## Exercise
Could you restate the data word for word and drop the pictures?

## Provided data

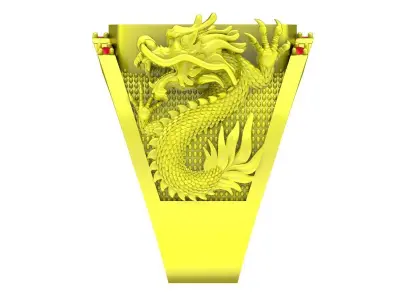 Luxury Letter Q Dragon Signet Ring 3D Model for Men Jewelry 4398 3D print model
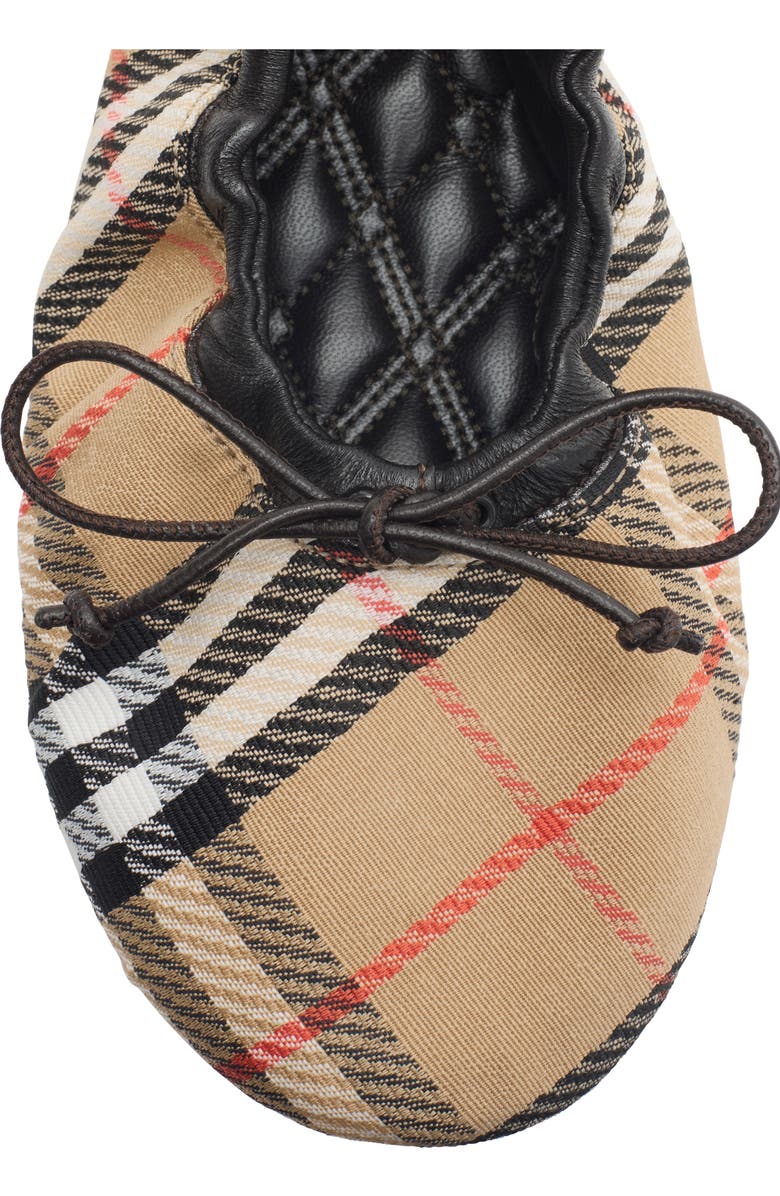 Burberry Check Fawn Ballerinas, Alternate, color, Sand Beige
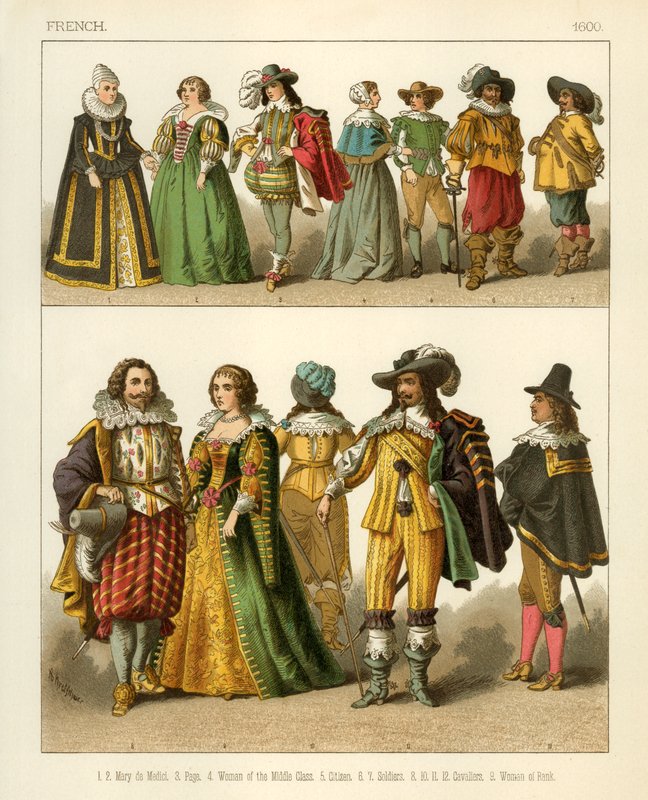 Costumi francesi 1600 da Albert Kretschmer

## Answer for this exercise
 Luxury Letter Q Dragon Signet Ring 3D Model for Men Jewelry 4398 3D print model
 Burberry Check Fawn Ballerinas, Alternate, color, Sand Beige
 Costumi francesi 1600 da Albert Kretschmer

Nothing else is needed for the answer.